DETIK TV | JAKARTA – Berdasarkan data Survei Status Gizi Indonesia (SSGI) 2024, angka stunting di Daerah Khusus Ibukota (DKI) Jakarta naik dari tahun 2022 menjadi 17,2 persen. Hal itu merupakan permasalahan serius yang harus ditangani oleh Pemerintah Provinsi (Pemprov) DKI Jakarta secepat-cepatnya.
Anggota Komisi E Dewan Perwakilan Rakyat Daerah (DPRD) DKI Jakarta sekaligus Ketua Dewan Pimpinan Wilayah (DPW) Partai Solidaritas Indonesia (PSI) Jakarta, Elva Farhi Qolbina, meminta agar Pemprov DKI Jakarta menaruh perhatian terhadap isu tersebut, yaitu dengan mengkaji ulang Keputusan Gubernur (Kepgub) Nomor (No) 1337 Tahun 2016.

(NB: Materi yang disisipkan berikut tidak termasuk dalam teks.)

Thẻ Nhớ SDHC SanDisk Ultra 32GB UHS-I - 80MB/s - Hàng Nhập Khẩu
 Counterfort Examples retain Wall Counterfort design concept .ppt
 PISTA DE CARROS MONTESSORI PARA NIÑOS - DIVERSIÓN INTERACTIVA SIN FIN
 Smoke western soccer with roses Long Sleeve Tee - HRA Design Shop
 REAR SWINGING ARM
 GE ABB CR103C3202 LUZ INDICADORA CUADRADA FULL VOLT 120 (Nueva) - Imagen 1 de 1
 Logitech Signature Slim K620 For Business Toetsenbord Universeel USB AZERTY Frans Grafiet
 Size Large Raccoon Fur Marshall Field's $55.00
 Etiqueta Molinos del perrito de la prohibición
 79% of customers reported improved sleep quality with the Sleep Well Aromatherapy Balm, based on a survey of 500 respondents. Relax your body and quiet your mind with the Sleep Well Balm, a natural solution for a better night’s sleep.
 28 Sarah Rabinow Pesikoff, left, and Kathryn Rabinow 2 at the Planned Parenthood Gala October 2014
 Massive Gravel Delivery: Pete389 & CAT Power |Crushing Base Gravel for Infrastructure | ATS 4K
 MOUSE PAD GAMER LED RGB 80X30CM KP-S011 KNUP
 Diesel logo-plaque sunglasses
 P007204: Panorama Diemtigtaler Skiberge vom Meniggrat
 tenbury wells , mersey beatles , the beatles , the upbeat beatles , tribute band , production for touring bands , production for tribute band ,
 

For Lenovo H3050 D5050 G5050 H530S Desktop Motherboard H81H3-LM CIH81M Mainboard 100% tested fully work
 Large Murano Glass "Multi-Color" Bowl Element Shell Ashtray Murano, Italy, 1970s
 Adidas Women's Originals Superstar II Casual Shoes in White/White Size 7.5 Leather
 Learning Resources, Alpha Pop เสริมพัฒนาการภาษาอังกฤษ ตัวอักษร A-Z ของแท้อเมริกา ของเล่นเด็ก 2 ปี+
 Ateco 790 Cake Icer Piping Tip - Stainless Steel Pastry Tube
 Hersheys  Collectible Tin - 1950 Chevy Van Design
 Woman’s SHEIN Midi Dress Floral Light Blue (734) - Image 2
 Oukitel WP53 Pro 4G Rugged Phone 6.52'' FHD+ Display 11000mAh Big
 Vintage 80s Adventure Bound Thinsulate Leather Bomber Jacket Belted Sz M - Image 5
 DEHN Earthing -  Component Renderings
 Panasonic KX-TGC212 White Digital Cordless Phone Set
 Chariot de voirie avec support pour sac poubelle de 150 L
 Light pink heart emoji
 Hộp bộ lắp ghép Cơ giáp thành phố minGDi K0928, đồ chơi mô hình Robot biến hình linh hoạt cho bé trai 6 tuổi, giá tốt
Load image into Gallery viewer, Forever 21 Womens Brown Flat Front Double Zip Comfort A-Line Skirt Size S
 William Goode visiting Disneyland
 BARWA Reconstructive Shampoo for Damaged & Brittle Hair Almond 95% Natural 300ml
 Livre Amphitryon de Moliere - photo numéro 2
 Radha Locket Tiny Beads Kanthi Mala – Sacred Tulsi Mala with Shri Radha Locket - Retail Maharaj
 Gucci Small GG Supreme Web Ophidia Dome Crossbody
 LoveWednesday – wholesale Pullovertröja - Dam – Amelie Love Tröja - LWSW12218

“Data ternyata menunjukkan adanya peningkatan prevalensi stunting dari tahun 2022 ke 2024. Di 2022 itu, angka stuntingnya 14,8 persen. Kemudian, di 2025 angka stuntingnya itu naik jadi 17,2 persen,” katanya dalam rapat pembahasan Kebijakan Umum Anggaran (KUA) dan Prioritas dan Plafon Anggaran Sementara (PPAS) di Komisi E DPRD DKI Jakarta, Hari Selasa (5/8/2025) lalu.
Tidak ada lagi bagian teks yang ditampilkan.